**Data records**
————————

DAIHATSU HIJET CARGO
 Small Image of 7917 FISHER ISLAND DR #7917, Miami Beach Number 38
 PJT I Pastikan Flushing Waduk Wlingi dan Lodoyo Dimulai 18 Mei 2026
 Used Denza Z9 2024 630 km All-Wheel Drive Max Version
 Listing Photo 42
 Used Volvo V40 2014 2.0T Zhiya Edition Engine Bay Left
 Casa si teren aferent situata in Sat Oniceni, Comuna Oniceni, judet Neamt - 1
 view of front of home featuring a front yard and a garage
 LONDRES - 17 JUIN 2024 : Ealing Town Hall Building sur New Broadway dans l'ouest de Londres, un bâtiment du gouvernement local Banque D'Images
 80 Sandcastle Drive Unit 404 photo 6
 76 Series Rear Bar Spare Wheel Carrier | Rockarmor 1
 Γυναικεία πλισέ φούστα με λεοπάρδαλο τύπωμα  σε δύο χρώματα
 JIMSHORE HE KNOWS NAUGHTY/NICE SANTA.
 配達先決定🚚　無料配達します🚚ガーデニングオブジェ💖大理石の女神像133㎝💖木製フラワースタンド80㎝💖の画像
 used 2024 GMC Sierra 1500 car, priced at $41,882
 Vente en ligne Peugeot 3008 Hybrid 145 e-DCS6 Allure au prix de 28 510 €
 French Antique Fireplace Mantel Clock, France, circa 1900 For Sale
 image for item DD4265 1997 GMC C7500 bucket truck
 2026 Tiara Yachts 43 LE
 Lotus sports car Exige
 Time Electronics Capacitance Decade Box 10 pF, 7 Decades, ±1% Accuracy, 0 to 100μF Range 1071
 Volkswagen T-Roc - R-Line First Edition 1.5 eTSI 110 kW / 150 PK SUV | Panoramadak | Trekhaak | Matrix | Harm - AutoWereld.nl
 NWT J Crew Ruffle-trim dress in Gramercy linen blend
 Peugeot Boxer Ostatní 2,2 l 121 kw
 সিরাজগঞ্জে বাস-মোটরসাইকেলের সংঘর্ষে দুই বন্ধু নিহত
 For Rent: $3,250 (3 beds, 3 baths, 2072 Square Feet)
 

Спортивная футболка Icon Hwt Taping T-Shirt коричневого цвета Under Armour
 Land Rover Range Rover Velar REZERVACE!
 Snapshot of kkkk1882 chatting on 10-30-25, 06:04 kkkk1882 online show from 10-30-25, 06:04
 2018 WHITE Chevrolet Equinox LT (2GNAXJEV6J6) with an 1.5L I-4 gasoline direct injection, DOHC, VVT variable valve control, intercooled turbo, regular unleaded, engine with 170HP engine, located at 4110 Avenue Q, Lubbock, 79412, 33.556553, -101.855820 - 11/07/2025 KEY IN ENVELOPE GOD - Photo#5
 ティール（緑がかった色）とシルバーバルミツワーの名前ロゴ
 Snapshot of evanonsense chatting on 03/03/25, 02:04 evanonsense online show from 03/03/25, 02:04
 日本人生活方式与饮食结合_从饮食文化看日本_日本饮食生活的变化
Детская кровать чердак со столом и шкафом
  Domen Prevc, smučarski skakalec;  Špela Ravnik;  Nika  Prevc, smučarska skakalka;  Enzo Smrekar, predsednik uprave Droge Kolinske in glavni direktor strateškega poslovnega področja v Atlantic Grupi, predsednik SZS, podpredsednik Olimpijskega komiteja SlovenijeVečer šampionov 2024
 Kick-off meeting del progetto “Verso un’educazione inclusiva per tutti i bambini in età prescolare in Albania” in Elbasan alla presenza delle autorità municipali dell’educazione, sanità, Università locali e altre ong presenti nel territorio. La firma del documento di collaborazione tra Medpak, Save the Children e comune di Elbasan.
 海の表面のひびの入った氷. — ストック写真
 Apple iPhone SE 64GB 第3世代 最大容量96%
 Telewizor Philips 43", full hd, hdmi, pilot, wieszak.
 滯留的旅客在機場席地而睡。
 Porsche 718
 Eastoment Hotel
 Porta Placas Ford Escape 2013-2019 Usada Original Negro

————————

**What to produce**
Retype exactly, and only, the lines from the line holding "hdmi, pilot, wieszak." through the last line of the data; both of those lines count.

**Reply to the task**
 Telewizor Philips 43", full hd, hdmi, pilot, wieszak.
 滯留的旅客在機場席地而睡。
 Porsche 718
 Eastoment Hotel
 Porta Placas Ford Escape 2013-2019 Usada Original Negro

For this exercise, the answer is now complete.